Pour Baruch Spinoza, la tolérance est une composante essentielle de la liberté, car c’est seulement dans une société où la diversité de pensée et d’expression est autorisée qu’il peut y avoir harmonie. Il a averti que les passions humaines, telles que la haine et la peur, sont des obstacles à la coexistence et que seule la raison peut les surmonter, créant un espace de véritable tolérance. Saint Thomas d’Aquin soulignait que la tolérance doit être exercée avec prudence, en distinguant entre les actes qui peuvent être autorisés au nom de la paix sociale et ceux qui, par leur nature, menacent le bien commun. Enfin, John Rawls, dans « Une théorie de la justice », a souligné l’importance du consensus intersectoriel dans les sociétés pluralistes, où la tolérance est essentielle pour assurer la stabilité et la justice.
La Franc-Maçonnerie, tout au long de son histoire, a été un rempart dans la défense des libertés individuelles et collectives. Dans des moments critiques, ses membres ont promu des réformes démocratiques, la laïcité ou les droits de l’homme. En ce sens, il ne faut pas l’interpréter comme une « caverne de magiciens », mais comme un espace où l’on cultive et on favorise la pensée critique et les valeurs civiques. Sa mission éducative et philosophique vise à former des citoyens responsables et engagés dans le progrès collectif. La Franc-Maçonnerie ne doit donc pas être un espace de simple ritualisme ou de symbolisme ésotérique, mais une véritable école de démocratie.

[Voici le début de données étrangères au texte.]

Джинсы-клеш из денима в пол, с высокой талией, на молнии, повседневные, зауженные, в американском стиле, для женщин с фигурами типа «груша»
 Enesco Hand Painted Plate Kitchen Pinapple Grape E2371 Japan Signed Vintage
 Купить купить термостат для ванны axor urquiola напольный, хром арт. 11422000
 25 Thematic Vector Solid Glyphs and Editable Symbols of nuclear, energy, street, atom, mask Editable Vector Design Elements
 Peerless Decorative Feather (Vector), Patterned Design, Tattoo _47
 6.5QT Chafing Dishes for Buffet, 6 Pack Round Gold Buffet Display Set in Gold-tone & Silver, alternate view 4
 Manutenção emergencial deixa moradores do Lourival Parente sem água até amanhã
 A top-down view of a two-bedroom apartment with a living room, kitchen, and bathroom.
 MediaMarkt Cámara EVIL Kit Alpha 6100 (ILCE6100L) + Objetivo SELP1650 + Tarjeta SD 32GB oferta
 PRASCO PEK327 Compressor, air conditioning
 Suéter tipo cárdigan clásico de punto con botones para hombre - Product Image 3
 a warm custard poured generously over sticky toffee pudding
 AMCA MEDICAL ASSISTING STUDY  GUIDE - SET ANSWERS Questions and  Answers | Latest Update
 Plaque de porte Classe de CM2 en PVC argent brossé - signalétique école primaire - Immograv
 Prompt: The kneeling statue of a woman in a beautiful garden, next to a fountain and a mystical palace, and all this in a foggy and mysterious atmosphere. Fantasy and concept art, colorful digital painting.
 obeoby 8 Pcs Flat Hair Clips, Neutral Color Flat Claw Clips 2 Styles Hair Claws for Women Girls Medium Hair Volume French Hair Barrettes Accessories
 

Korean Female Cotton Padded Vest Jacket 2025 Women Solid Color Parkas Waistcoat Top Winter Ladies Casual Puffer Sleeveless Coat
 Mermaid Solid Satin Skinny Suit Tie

L’écossaisité, en tant que courant profondément philosophique de la franc-maçonnerie, favorise la formation de citoyens attachés aux valeurs de démocratie, de justice et de tolérance, permettant l’amélioration de la société par le développement éthique et moral de ses individus. En inculquant ces valeurs, la franc-maçonnerie peut agir comme un outil puissant pour combattre l’ignorance, le sectarisme et l’intolérance qui menacent notre société. Par le dialogue, la réflexion et l’apprentissage continu, les francs-maçons sont appelés à améliorer non seulement leur propre vie, mais aussi celle de leurs communautés. Cette approche est essentielle à l’heure où les démocraties sont confrontées à des menaces internes et externes. L’objectif d’une Loge doit être la formation philosophique de ses membres, afin qu’ils intériorisent ces valeurs et les projettent activement. Dans les circonstances actuelles, la franc-maçonnerie peut et doit fonctionner comme un espace où la pensée critique, la participation civique et le respect de la diversité sont cultivés, et où la censure serait le pire des péchés.
La montée d’options politiques intolérantes et totalitaires, qu’elles soient néofascistes, communistes ou autres, est l’une des préoccupations les plus pressantes. Ces courants se nourrissent de la peur, de la désinformation et de la polarisation sociale, promouvant un discours qui cherche à diviser et à affaiblir nos valeurs. Les discours de haine contre les minorités, le déni du pluralisme et les attaques contre les institutions démocratiques sont des caractéristiques communes de ces forces. Dans son essai « Fascisme éternel », Umberto Eco identifie des attitudes telles que le rejet de la diversité, la peur de la différence et la promotion d’une seule façon de penser, que l’on retrouve malheureusement chez certains dirigeants d’aujourd’hui. Karl Popper, dans « Les sociétés ouvertes et leurs ennemis », pose un dilemme :
« La tolérance illimitée conduit à la disparition de la tolérance. Si nous étendons la tolérance à ceux qui sont intolérants, […] les tolérants seront détruits et, avec eux, la tolérance.
Cette déclaration est pertinente dans le contexte actuel, où les mouvements intolérants utilisent les libertés démocratiques pour les ronger de l’intérieur.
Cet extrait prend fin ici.